PROBLEM STATEMENT
The pictures get left out, but everything else in the listing below must be duplicated exactly.

DATA IN THIS EXERCISE

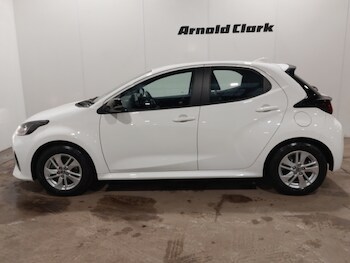 Used Mazda Mazda2 HYBRID 2024 for sale - 77031988: Photo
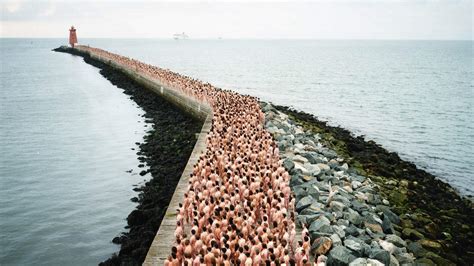 nude image|The Naked World of Spencer Tunick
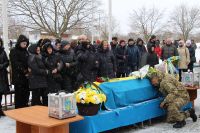 Пішов на війну добровольцем та важка хвороба забрала воїна: у засвіти провели Миколу Дубравського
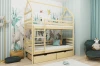 Kinderzimmer-Inspiration: Hausbett Etagenbett im Dschungel-Design mit Tier-Wandbild und Kissen.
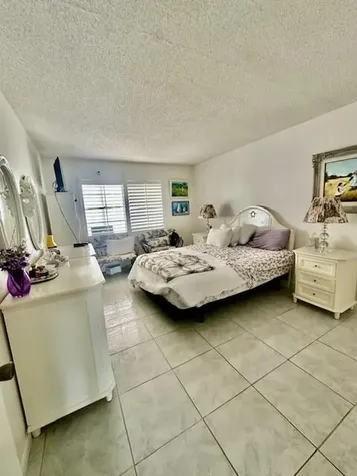 1080 Exeter Boca Raton FL 33434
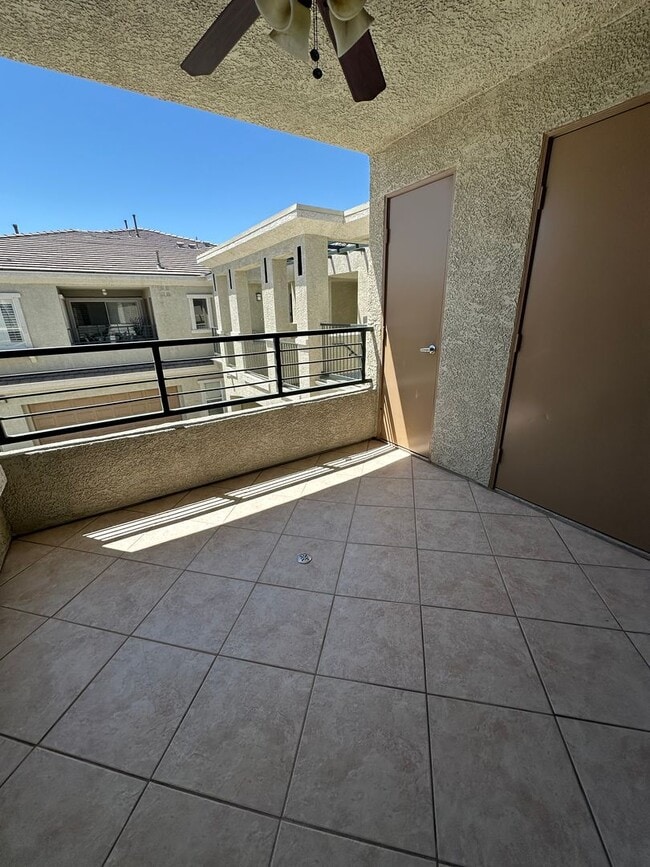 Building Photo - MUST SEE 2 BEDROOM CONDO IN SUMMERLIN!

EXERCISE SOLUTION
 Used Mazda Mazda2 HYBRID 2024 for sale - 77031988: Photo
 nude image|The Naked World of Spencer Tunick
 Пішов на війну добровольцем та важка хвороба забрала воїна: у засвіти провели Миколу Дубравського
 Kinderzimmer-Inspiration: Hausbett Etagenbett im Dschungel-Design mit Tier-Wandbild und Kissen.
 1080 Exeter Boca Raton FL 33434
 Building Photo - MUST SEE 2 BEDROOM CONDO IN SUMMERLIN!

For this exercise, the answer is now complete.